En 1944, les autorités soviétiques donnèrent le choix aux Grecs de Crimée : soit accepter les passeports soviétiques, soit s'exiler. La famille Sakkas refusa d'accepter les passeports. Comme nous l'a dit le staretz, ils devaient se préparer à être envoyés en exil pendant la nuit. Mais finalement, ceux qui refusèrent eurent de la chance, car ils furent envoyés dans le chaud climat d'Ouzbékistan, et les Grecs qui prirent la citoyenneté soviétique furent envoyés en Sibérie. C'est ainsi que les Sakkas se retrouvèrent en Ouzbékistan, à Kokand.

Géronda a raconté l'histoire suivante à partir de ses souvenirs d'enfance : En ces temps de famine et de pauvreté, sa mère Despina fabriquait des "bonbons" - des graines d'abricot trempées dans un sirop sucré. Un jour, alors qu'il ramassait des noyaux, il se rendit dans le jardin d'un certain Ouzbek. L'homme attrapa le garçon, pensant qu'il volait les abricots. Quelle ne fut pas sa surprise quand il s'avéra que le garçon ne faisait que ramasser des noyaux, sans un seul abricot dans son sac ! Étonné par une telle honnêteté, l'homme remplit lui-même le sac de l'enfant avec des abricots et l'escorta dehors. "Les Ouzbeks sont un peuple juste", disait le staretz.
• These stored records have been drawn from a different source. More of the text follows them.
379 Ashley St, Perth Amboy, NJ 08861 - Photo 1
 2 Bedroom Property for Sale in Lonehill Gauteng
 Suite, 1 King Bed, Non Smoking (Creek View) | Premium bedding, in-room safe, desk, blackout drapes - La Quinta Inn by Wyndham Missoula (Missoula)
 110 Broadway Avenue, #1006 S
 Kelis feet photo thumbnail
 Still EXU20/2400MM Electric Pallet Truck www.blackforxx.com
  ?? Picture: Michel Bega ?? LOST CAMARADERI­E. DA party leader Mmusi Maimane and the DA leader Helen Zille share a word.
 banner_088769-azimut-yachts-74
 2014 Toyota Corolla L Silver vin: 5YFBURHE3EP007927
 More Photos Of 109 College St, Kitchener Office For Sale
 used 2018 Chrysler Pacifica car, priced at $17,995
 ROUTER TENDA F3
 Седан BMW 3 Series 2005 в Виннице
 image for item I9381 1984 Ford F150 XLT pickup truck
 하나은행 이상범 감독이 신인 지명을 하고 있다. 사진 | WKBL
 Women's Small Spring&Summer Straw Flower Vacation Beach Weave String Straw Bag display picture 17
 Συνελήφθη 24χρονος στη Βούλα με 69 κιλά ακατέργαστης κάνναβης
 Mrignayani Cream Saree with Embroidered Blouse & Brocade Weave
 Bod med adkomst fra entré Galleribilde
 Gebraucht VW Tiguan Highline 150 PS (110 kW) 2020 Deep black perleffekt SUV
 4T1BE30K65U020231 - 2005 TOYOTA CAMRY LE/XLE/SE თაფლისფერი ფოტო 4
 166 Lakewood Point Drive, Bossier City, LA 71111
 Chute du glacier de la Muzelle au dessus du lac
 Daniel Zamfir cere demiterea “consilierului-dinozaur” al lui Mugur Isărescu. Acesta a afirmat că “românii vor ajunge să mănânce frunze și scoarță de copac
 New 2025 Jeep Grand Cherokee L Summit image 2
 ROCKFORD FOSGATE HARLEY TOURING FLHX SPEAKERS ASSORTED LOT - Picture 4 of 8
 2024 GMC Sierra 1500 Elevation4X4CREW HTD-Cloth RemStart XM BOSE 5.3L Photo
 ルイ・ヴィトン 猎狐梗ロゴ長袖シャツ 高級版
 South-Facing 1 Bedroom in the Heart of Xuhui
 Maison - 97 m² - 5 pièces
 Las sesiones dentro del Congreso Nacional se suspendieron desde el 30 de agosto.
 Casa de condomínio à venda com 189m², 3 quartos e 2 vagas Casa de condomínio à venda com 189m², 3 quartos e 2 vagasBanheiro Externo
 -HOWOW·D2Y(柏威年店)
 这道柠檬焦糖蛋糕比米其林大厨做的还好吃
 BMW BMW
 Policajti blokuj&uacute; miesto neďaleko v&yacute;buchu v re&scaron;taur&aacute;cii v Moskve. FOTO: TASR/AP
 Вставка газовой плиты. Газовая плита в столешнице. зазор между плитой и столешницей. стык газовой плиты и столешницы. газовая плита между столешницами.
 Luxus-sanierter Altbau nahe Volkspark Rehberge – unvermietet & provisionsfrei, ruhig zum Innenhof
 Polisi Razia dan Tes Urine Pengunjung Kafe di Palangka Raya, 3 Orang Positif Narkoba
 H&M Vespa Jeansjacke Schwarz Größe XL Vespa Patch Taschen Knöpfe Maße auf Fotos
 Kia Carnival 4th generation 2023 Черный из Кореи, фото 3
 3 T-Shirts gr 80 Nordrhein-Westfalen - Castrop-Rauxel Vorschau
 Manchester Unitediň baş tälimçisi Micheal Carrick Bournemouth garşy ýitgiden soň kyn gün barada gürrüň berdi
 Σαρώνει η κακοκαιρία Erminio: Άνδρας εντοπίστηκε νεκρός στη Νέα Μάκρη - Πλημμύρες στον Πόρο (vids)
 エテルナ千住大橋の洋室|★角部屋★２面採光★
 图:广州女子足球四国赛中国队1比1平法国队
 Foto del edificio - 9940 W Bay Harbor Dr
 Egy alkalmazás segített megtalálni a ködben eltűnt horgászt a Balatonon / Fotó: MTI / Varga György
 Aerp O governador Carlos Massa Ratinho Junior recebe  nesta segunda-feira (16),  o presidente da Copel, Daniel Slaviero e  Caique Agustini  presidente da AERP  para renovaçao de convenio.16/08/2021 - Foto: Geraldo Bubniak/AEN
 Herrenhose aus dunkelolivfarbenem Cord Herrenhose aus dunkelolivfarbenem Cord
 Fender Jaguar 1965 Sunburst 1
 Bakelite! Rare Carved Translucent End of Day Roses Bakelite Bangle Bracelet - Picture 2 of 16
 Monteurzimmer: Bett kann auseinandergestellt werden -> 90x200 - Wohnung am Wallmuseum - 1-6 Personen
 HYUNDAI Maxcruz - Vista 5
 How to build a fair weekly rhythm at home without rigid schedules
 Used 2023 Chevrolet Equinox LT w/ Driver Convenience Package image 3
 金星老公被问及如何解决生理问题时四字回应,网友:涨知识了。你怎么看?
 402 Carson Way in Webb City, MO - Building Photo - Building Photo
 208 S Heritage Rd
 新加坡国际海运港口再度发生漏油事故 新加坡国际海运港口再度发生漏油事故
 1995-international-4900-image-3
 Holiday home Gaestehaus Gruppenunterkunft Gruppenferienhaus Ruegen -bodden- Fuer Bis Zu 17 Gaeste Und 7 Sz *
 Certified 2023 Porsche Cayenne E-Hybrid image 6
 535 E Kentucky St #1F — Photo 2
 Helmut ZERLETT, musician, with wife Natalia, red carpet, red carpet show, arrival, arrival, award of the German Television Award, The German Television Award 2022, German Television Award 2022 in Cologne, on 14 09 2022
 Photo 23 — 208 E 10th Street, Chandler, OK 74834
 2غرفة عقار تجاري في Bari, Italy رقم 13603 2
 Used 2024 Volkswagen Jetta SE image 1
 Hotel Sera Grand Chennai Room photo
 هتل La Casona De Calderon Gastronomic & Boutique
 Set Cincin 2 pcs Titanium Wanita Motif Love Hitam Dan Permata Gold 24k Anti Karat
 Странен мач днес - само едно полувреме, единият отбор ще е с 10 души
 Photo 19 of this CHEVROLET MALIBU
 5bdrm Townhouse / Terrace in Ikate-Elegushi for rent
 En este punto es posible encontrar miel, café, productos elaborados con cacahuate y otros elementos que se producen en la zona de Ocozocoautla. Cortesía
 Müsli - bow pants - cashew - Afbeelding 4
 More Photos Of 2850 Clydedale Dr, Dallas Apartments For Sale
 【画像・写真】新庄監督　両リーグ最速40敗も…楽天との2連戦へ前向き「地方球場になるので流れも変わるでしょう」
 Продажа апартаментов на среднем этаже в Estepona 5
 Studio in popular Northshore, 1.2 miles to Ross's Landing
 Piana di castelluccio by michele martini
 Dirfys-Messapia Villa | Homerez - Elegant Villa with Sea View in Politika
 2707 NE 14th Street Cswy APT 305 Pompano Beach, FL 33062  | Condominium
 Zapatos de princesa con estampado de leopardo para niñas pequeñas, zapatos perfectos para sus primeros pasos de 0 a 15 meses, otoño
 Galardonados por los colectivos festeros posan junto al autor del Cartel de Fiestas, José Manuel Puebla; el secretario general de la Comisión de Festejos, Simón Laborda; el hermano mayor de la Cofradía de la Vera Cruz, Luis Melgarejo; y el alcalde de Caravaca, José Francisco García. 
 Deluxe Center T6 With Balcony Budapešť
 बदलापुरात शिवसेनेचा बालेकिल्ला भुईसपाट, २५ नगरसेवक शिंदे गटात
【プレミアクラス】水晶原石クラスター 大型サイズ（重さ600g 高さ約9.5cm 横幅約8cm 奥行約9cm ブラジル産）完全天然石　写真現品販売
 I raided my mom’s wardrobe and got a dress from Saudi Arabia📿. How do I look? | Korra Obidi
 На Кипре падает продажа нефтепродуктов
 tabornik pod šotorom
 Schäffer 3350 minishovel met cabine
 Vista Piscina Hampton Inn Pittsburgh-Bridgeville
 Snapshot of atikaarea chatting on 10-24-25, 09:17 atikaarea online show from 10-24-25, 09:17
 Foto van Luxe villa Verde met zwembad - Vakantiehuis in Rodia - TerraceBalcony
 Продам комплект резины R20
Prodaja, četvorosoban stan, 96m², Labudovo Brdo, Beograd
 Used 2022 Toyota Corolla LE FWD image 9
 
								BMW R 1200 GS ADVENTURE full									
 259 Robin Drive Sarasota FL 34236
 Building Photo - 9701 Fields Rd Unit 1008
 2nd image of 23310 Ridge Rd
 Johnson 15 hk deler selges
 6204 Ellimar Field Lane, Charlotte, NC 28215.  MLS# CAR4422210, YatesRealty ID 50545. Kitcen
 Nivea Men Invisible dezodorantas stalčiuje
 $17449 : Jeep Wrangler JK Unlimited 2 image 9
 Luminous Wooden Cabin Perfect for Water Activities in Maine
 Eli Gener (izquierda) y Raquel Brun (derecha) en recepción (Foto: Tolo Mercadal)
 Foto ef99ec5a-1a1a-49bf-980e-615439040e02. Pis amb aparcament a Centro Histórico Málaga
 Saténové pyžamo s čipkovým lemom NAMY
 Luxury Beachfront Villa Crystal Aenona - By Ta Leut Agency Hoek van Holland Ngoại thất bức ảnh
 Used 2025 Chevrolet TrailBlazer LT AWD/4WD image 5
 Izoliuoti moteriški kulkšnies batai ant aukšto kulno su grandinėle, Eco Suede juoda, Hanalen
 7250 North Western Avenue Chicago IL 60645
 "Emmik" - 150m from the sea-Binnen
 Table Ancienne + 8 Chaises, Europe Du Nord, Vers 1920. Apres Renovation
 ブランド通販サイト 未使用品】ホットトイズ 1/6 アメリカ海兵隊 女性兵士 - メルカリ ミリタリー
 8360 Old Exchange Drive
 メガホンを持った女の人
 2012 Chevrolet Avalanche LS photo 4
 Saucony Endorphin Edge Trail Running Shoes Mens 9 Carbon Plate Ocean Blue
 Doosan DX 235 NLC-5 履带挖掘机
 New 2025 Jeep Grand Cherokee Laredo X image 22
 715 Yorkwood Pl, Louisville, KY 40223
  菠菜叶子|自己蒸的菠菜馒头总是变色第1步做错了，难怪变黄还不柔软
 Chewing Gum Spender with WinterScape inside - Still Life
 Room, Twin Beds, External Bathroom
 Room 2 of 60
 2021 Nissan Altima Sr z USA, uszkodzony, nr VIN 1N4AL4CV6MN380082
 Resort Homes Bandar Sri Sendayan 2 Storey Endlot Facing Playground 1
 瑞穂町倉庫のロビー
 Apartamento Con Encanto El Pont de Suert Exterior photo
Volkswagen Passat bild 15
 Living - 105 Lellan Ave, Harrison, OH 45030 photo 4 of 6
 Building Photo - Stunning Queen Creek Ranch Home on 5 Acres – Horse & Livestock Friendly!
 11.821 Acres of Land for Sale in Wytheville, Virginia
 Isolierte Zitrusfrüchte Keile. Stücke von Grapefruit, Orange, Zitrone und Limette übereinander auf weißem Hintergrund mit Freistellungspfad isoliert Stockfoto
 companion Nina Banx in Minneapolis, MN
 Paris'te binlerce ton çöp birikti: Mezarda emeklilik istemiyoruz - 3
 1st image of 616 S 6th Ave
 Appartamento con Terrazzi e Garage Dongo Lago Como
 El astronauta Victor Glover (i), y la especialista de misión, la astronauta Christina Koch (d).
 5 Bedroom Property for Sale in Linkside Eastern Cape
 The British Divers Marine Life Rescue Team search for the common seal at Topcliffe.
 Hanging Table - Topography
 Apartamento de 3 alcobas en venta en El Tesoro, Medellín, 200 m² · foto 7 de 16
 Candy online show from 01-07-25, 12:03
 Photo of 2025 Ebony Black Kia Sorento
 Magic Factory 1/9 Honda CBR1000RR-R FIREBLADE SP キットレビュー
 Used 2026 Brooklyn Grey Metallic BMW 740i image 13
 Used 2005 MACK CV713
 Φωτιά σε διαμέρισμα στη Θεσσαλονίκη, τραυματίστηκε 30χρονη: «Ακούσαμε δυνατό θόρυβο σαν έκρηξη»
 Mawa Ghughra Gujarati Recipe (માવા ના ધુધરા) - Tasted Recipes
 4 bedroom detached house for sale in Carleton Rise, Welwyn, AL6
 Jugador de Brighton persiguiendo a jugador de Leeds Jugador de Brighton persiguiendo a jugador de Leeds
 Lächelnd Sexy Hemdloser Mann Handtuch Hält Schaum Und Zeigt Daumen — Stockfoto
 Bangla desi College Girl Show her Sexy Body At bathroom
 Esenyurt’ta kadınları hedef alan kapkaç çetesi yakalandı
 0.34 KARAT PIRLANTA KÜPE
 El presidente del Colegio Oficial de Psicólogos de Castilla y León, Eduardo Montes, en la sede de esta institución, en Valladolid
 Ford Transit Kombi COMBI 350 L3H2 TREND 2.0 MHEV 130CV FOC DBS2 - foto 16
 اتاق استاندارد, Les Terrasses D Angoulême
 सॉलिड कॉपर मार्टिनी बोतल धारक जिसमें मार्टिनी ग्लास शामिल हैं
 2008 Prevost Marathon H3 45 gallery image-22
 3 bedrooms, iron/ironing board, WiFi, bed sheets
Le père Timothy (à gauche) lors de la fondation du monastère du Saint-Esprit, le 20 juillet 1963

En 1948, la famille Sakkas put émigrer en Grèce, et des possibilités complètement différentes s'y ouvrirent pour le futur serviteur du Seigneur. 

En 1959, il obtint son diplôme de fin d'études secondaires et s'inscrivit au département de théologie de l'université d'Athènes. En 1962, il fut tonsuré moine et ordonné au diaconat. Deux ans plus tard, le père Timothée fut ordonné prêtre et reçut le rang d'archimandrite, devenant recteur de l'église du saint mégalomartyr et guérisseur Pantéléimon dans la banlieue d'Athènes, à Keratsini.

En 1966, l'archimandrite Timothée fut nommé recteur de la paroisse de langue russe de la cathédrale de la Sainte Trinité à Athènes, sur la place centrale Syntagma (Constitution) d'Athènes. 

Le jeune et énergique recteur insuffla une nouvelle vie à cette paroisse de migrants en déclin. C'est lui qui lança la pratique des agrypnies [veillées nocturnes de fête liturgiques] qui devinrent populaires dans toute la Grèce. Pour que la jeune génération d'immigrés russes ne perde pas ses liens avec la paroisse, le père Timothée introduisit la pratique des offices bilingues - en grec et en slavon. L'une des œuvres les plus importantes du Père Timothée fut la fondation de la maison de retraite russe dans la banlieue d'Argyroupoli, avec une église dédiée à Saint Séraphim de Sarov. En 1976, la diaspora russe d'Athènes décerna au père Timothy un gramota [témoignage écrit de reconnaissance] en signe de gratitude pour sa contribution significative à la vie de la communauté.

Cathédrale de la Sainte Trinité

Dans les premières années de sa vie en Grèce, le futur staretz fit la connaissance du moine athonite Père Cherubim (Karambelas) -  futur archimandrite et fondateur d'abord de la confrérie monastique et ensuite du monastère du Saint-Esprit-Consolateur. Le père Chérubim  devint son confesseur et son guide dans la vie spirituelle. Ainsi, le chemin de vie de l'archimandrite Timothée fut inséparablement lié au monastère du Saint-Esprit. En 1980, il fut élu higoumène du monastère. Géronda resta dans ce ministère pendant quarante ans !

Le Catholicon du monastère du Saint-Esprit

P. Timothée en train de plâtrer le trône du catholicon du monastère 

Au fil des ans, le monastère du Saint-Esprit passa d'un petit bâtiment résidentiel avec une maison-église à un immense complexe monastique avec une skite [dépendance] sur le Mont Athos et une telle gloire dans le monde orthodoxe, que le Père Timothée peut à juste titre être appelé un véritable bienfaiteur du monastère. 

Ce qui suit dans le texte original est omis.